I have a data set and in a column of which each cell contains data which is an mixture of strings and a date like this
AE |
---|
2018-04-30 10:28, Bokning, Johan Skoglund, 1295 imkanal |
2019-08-12 15:27, CrossNej, nan, nan |
2020-06-25 18:21, CrossNej, nan, nan |
:---- |
2018-09-13 12:25, Bokning, Simon Wallin, 2195 im och frånluften |
2019-07-26 16:26, CrossNej, nan, nan |
2020-09-01 14:49, RetentionTelsvarare, nan, nan |
:---- |
2019-02-25 14:00, Bokning, Jan Gunnarsson, Imkanal 1495 kr |
2019-11-07 15:39, CrossNej, nan, nan |
2020-01-14 17:52, CrossNej, nan, nan |
2020-12-16 11:14, CrossRensat 12 mån, nan, nan |
What I want to do is to arrange values in each cell by date in descending order (from highest to lowest). I have tried almost every solution present online but I have been unable to do so. Either it's only a date or only a string. I am splitting it by line break
main_df["Log"] = outputdf["Log"].map(lambda x: '\n'.join(sorted(x.split('\n'))))

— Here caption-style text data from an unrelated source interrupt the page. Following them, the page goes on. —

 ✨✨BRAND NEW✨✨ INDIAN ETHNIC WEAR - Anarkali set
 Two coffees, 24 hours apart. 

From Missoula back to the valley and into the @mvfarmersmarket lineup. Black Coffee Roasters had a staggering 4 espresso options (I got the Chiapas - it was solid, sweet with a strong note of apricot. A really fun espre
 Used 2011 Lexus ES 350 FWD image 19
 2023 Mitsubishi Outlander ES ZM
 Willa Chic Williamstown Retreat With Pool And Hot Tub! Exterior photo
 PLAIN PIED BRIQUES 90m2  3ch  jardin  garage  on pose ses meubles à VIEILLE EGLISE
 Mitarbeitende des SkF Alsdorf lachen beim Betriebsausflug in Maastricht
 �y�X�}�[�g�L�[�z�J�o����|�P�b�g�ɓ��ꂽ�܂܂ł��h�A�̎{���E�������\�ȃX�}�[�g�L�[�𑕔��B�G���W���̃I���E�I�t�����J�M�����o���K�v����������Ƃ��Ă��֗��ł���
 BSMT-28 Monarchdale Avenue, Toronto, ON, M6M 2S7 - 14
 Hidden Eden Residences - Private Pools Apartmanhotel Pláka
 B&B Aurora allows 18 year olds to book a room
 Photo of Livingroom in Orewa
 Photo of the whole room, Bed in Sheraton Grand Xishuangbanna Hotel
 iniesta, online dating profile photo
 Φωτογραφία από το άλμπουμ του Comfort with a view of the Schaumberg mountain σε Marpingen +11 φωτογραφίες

Then I am sorting it by setting accending to false. But the data is not changed by this
main_df.explode('Log').sort_values(by='Log', ascending=False, inplace=True)
main_df = main_df.replace(np.nan,0)
Then I tried this
main_df.loc[np.argsort(main_df.Log.str.split('-').str[-1].astype(int).values)]
and
main_df = main_df.reindex(main_df['Log'].str.extract('(\d )', expand=False).astype(int).sort_values(ascending=False).index).reset_index(drop=True)
but I get this
ValueError: invalid literal for int() with base 10
and this
python int too large to convert to c long
Also tried
main_df['Log'] = pd.to_datetime(main_df['Log'])
main_df = main_df.sort_values(by=['Log'], ascending=False)
but nothing seems to be working. Kindly help me solve this problem. A reminder each of the 3 block represents one cell in my column. I want to organize data within a cell not the whole table.
CodePudding user response:
Your description of the problem and expected results is not very clear, I can only guess by myself, try the following code:
def handle(s: str):
f = pd.Series(s.split('\n')).str.split(r',', n=1, expand=True)
f['tmp'] = pd.to_datetime(f[0])
f = f.sort_values('tmp', ascending=False)
res = f[0].str.cat(f[1], sep=', ').str.cat(sep='\n')
return res
res = main_df.log.apply(handle)
print(res)
CodePudding user response:
My suggestion will be first convert your AE column into an array and I believe the array will be look like this.
array = ['2018-04-30 10:28,Bokning,Johan Skoglund,1295 imkanal',
'2019-08-12 15:27, CrossNej, nan, nan',
'2020-06-25 18:21, CrossNej, nan, nan']
Once you convert into an array then you can run sorted function. Your sorted function will be something look like this.
sorted(array, reverse=True, key=lambda x: datetime.datetime.strptime(x.split(',')[0], '%Y-%m-%d %H:%M'))
reverse = True will use for descending.